Oggi FQCP è un po’ in affanno.
Sarà che nevica ma non troppo, giusto quel tanto da bagnare i prati ancora verdi e le zampe dei gatti quando rientrano dalla passeggiata notturna.
Sarà che non ho ancora metabolizzato tutte le cose belle successe in vacanza e mi ero ripromessa di scriverne settimana scorsa, e quando sono in ritardo sulle scadenze che mi do da sola mi sento ancora peggio.
Saranno le tristissime elezioni americane, o ancor peggio il nostro referendum, che non ci sono ancora arrivate le schede e posso tenere la testa sotto la sabbia ancora qualche giorno.
Sarà che qui è stagione di tasse e quest’autunno abbiamo fatto un po’ le cicale, accetta un invito qui, approfitta di una casa vuota lì e torna una volta in più a Milano a recuperare il gatto Tempesta, che la nonna a sua volta aveva recuperato in montagna, dopo che lui aveva deciso di sparire al momento della partenza, (ma questa è una storia che merita uno spazio tutto suo).
Fatto sta che anche qui in Svizzera novembre non arriva in allegria.
Ieri mi sono sforzata di reagire, ho fatto la zuppa di zucca, il risotto giallo e le castagne che mettono buon umore, addirittura la focaccia di segale che fa tanto bene.
Poi però mi sono ricordata, e non so come avevo fatto a non pensarci prima.
Il cinque novembre di diciannove anni fa nasceva, troppo presto, veramente troppo presto, il mio primo bambino.
Il mio bambino che è vissuto per pochi respiri e ancora oggi parlarne mi fa riempire gli occhi di lacrime.
E però non mi arrendo e ogni anno non mi concedo un momento per essere triste e basta.
Mi sembra di fare un torto a tutta la gioia che è arrivata dopo.
Ai miei figli che sono nati al momento giusto, sani e forti, a novembre, a ottobre, a settembre, e hanno riempito questa stagione di compleanni.
E così la tristezza si infila nella prima settimana di novembre e resta lì, fino a che non mi decido a farle una carezza.
Poi quando, finalmente, mi siedo e mi faccio il mio piantino, arrivano tutte le cose belle delle ultime settimane e mi abbracciano.
E tra queste c’è l’incontro con Giuliana, un caffè al bar vicino all’asilo, le nostre lacrime che si mescolano, -già la prima volta?

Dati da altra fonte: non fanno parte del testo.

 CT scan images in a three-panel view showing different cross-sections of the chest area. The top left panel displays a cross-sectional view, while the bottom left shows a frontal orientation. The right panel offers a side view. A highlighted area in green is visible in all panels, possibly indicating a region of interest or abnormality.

La prossima sarà meglio vedersi davanti a un bicchiere di vino – ma soprattutto c’è il suo piccolo, che davanti a scuola mi dice:
–Ciao io mi chiamo M.
E anche lui è nato presto, ma se ne sta lì con il suo sorriso sghembo dei bambini piccoli che hanno imparato a salutare da grandi. E questa è la loro storia e sarà Giuliana a raccontarla se vorrà.

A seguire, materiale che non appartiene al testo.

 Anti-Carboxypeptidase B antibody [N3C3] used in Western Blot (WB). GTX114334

Ma a me sapere che M. è nato nello stesso ospedale e ora se ne va in giro per il mondo per mano alla sua mamma, fino al nostro asilo, mi fa pensare che le cose in fondo migliorano e la vita va avanti e d’ora in poi nella prima settimana di novembre voglio pensare a lui.
Giuliana Arena
Cara, quello che scrivi è veramente bellissimo. Ed è strano pensare che, in mezzo a tante persone che si incontrano, in qualche preziosa e rara occasione, si trovino sintonie così, percorsi che si intrecciano in mille modi, infinite cose da dirsi e quindi sì, un bicchiere di vino è il minimo la prossima volta.

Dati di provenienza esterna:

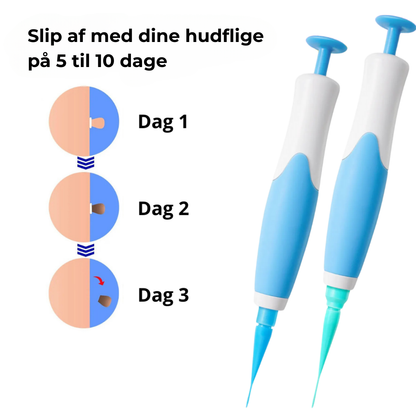 SkinEase™ Pen – Sikker fjernelse af hudmærker!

A volte trovo profondamente ingiusto che la mia esperienza di prematurità si sia conclusa così, con quel piccolo miracolo di nome M. Mi capita di sentirmi quasi in colpa, perché non ho meritato quella fortuna, mi è toccata e basta. Però, se questo novembre tu hai pensato alla mia storia e questo ti ha fatto sentire un po’ meglio…allora sì, un qualche senso, misterioso, deve averlo. Un abbraccio grande! G.
Alessandra Spada
Io credo che tutto abbia un senso, il difficile è vederlo nel momento in cui succede. Il mio bambino che non c’è ha dato forma alla mia vita almeno quanto quelli che ci sono. E mi piace pensare che abbia guidato i miei passi e condotto certi incontri, di sicuro il nostro. Ogni volta che io vedo qualcuna riuscire dove io ho fallito, sono felice, davvero, sento che la staffetta continua e va sempre più avanti. Mi è successo da poco con la mia amica S., tre figli anche lei, da qui ha vinto un bel posto in un’università straniera e mi son sentita orgogliosa come fosse mio. E così incontrare te, e M., è stato davvero un regalo, solo tanta gioia, nessuna ingiustizia.
Ora smettiamola che se no le lacrime non si contano e il bicchiere di vino non posso mica farmelo da sola prima di mezzogiorno!